The two-year yield rose six basis points this week in New York, or 0.06 percentage point, to 0.72 percent, according to Bloomberg Bond Trader prices, the largest weekly increase since June. The rate-increase forecasts are based on the assumption that the Fed funds rate will average 0.375 percent after the first increase.
Traders are paying 6.2 percent more to protect against swings in two-year notes than they were a week ago, according to options prices. While the Labor Department’s July employment report is out of the way, economic data to be released next week may further change views on the timing of the Fed’s first rate increase since 2006.
One potential catalyst for short-term Treasury swings is retail sales data due to be released Aug. 13. Economists surveyed by Bloomberg predict sales rose 0.6 percent in July from the previous month. A strong report may give the Fed more ammunition for a September increase.

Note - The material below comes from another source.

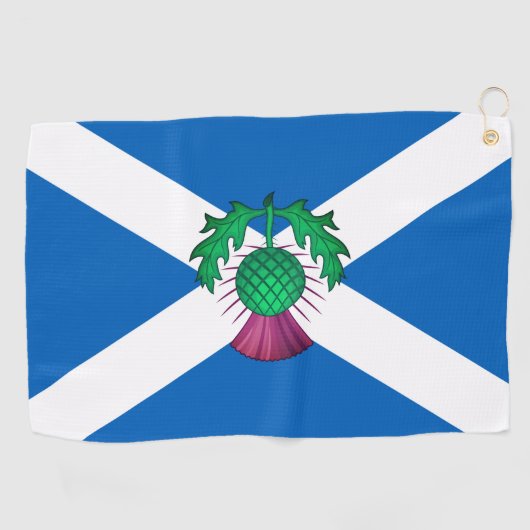 Flagge Schottlands mit Thistle überlagert Golfhandtuch (Horizontal)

Strategist George Goncalves said he is skeptical about a September increase, but that a robust report could sway him.
“If retail sales are strong and inflation turns a corner, I could change my view,” said Goncalves, New York-based head of interest-rate research for Nomura Holdings Inc.
Lockhart, who’s a voting member of the Fed’s policy-setting committee, will speak on Aug. 10 at a Fed Bank of Atlanta conference and at the Atlanta Press Club. He could walk back or confirm the view he expressed last week that the U.S. economy is ready to support higher borrowing costs.
“The move up in yields was fully a Lockhart trade,” said David Keeble, the New York-based head of fixed-income strategy at Credit Agricole SA.
Traders will also be trying to determine whether the Fed may be delayed by the latest drop in oil prices. Falling energy prices have suppressed a bond-market inflation forecast known as the break-even rate. That has helped long-term Treasury prices, which are more sensitive to inflation and economic growth.
“If we see financial conditions worsen and the global backdrop is bad, absolutely, they’ll wait” to raise interest rates, said Goncalves. “People are on pins and needles, and really trying to take stock in the lead-up to the September meeting.”